TAKE IT TO THE EXECUTIVE COMMITTEE
The goal is to widen the circle of approval.
TAKE IT TO THE MANAGEMENT
They can contribute meaningfully to the program. By sharing the final proposed name with managers, we encourage broader acceptance of the goals and use of the materials. We can also often convert naysayers to neutral.
TAKE IT TO THE STAFF
Staff can subvert a program in many different ways, particularly a program that may involve changes in the daily routine. The goal is to ensure the success of the mission is maintained.
Handling Expectations Sensibly
Everyone wants their new name to be the next Coca-Cola or Intel, with an instantly memorable logo and immediate name recognition that encapsulates the company’s brand promise. But the hard truth is that may not happen: a lot of the good ones are already taken. And a new name alone cannot possibly represent the richness or complexity of an entire organization. But the name development process must, nonetheless, try to capture the essential spirit and value of the organization. Do not expect this to be evident at once. And be realistic: It takes time for both staff and the public to absorb and get comfortable with a new name.

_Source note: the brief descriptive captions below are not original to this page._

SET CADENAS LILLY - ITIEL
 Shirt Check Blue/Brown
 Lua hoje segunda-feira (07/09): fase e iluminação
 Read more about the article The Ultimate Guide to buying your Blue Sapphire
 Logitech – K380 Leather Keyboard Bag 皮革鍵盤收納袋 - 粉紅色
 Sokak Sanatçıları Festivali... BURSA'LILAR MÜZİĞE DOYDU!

We’ve finally landed on a name. Everyone is feeling hopeful. But there a still a few hurdles to overcome. One of these is navigating the tricky terrain of American trademark law. In the US, common law principles apply, which means that names do not necessarily have to be registered with the US Trademark Registry to be protected under US law. Unfortunately, that means if a consumer could confuse the name of your firm with a similar-sounding one already in existence, this could result in a prohibition against using the offending name. So, if your new appellation by some chance sounds like an outfit selling horse feed in North Dakota, it could create problems, even though your two businesses could not be further apart in type, location and service. We will scour Google, URLs and domains to try to ensure that doesn’t happen, But just be aware that there is no absolute way to know.
And so on through Phase IV, V and VI until we either strike oil or quit. But here is the basic rule of the venture: recognize that every failed effort has helped us define the direction for the next effort. We may ultimately decide that we’re going to pursue a name we uncovered in Phase I. While we may be frustrated and feel we’ve simply put money on the fire to burn, the bottom line is that we must remember that all we have done has contributed to finding the best name available.
guidelines for naming
Keep it short
Research shows name recall begins to drop sharply after the third syllable.

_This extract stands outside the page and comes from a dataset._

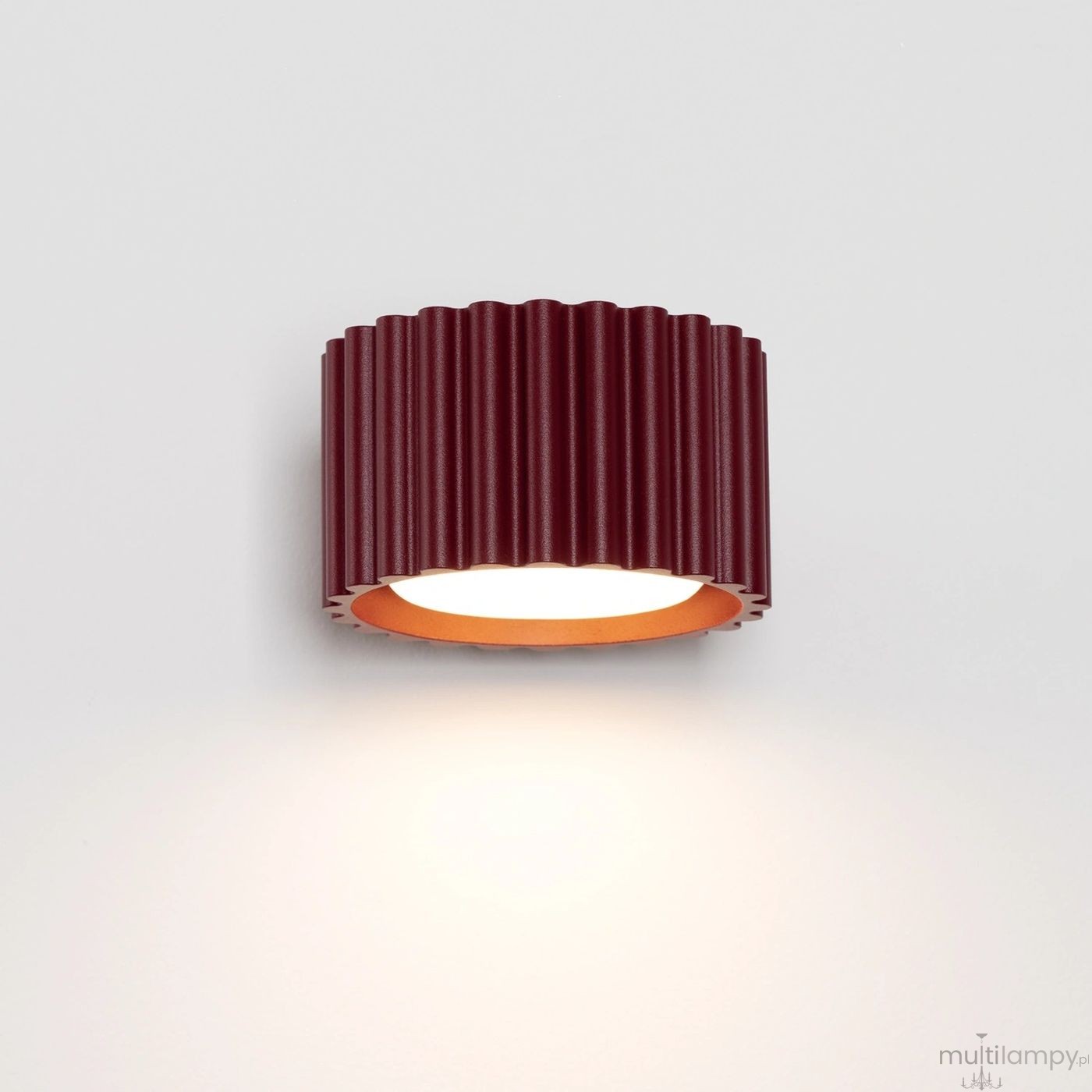 Aura kinkiet GX53 burgund SL.2620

Leave your ego at the door
Your family name may not be the best decision for the company. Payne Home Health isn’t the best option here.

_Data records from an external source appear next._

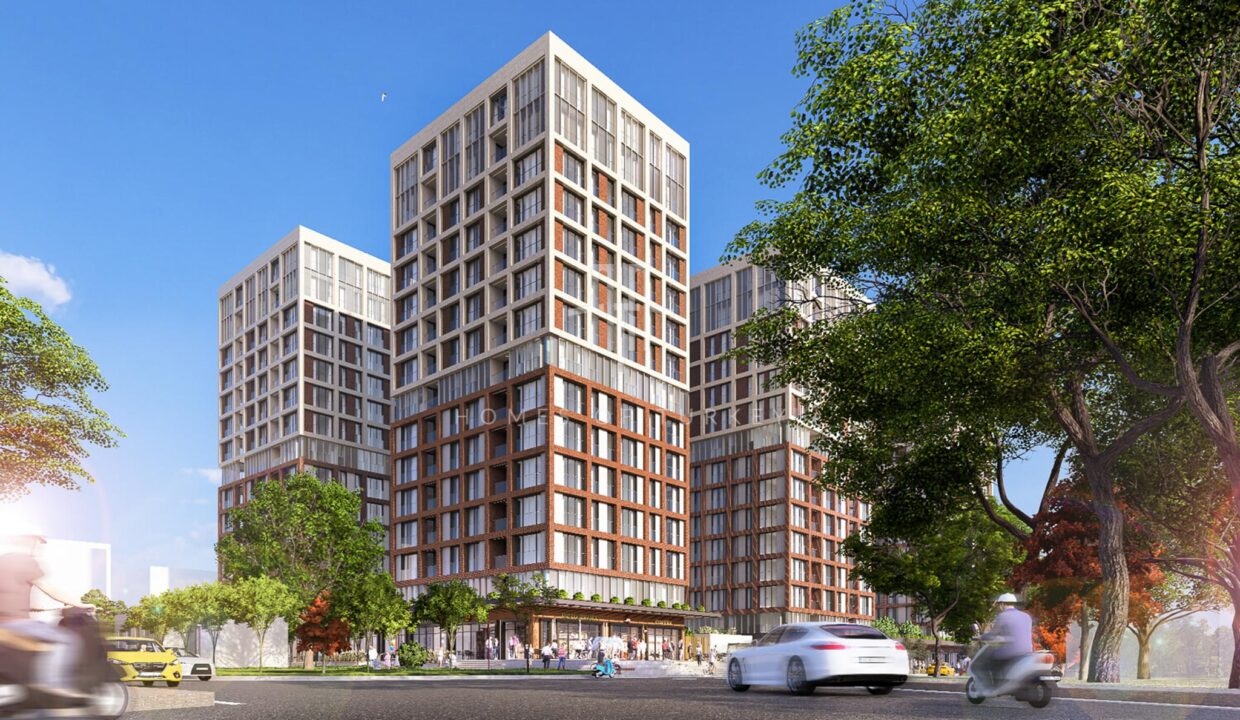 Modern Flats for Sale with Sea and Islands Views, Walking Distance to Bağdat Street 2
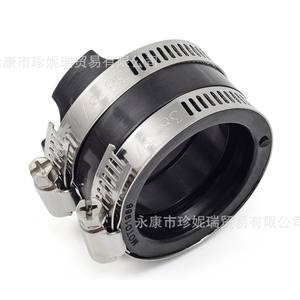 ตัวเชื่อมต่อฮอนด้า วีที 1100 แคลมป์ท่อร่วมไอดีแบบกลมสแตนเลสสำหรับอะไหล่ซ่อมรถจักรยานยนต์แบบสตรีท - Product Image 3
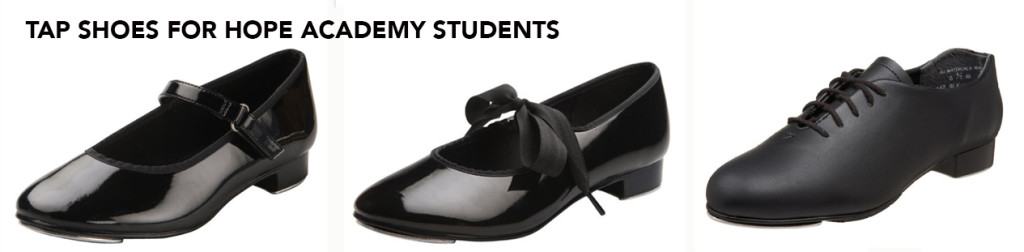 academy tap shoes
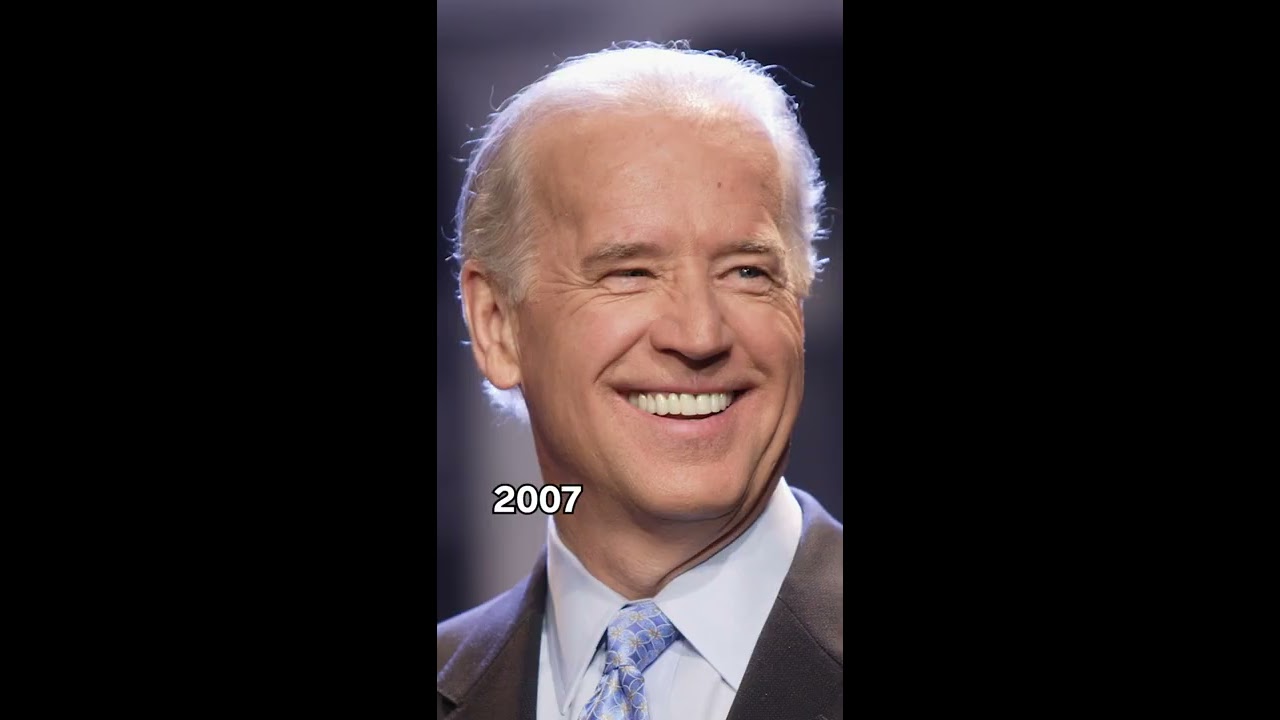 Watch how  Biden has aged from 1974 to 2022  shorts  gerontocracy  presidents  insidernews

Go with your “street name”
The market tells you what your company should be called–or shouldn’t be called. The market renamed Merrill Lynch Pierce Fenner & Smith “Merrill Lynch,” for instance.
Unless you can send someone to jail (IRS, SEC), or you are a monopoly (AT&T, IBM, GE), it is difficult to get enough reach and repetition to make initials memorable. Initials convey so little personality, so it is difficult to develop a “relationship” with the customer—which is central to branding.
Avoid unappealing names
If it’s slimy, icky or ugly like Horny, Schitz, etc., don’t use it.
Embrace class distinctions
In America, the more a name sounds like someone who stepped off the Mayflower, the more the name is associated with high social status.
- Can we include the benefit or position in the name?
- Can we create and own a new category?
- Can we associate a visual with the service or name? This will help avoid trademark
confusion in the marketplace.
- Is the name part of a system of corporate names?
- Can it be easily pronounced and/or spelled?
- Does it convey the medical nature of the service?
- Does it stress the caring/warm quality of the service?
- Does it distinguish itself from others in industry? Do something bold and different.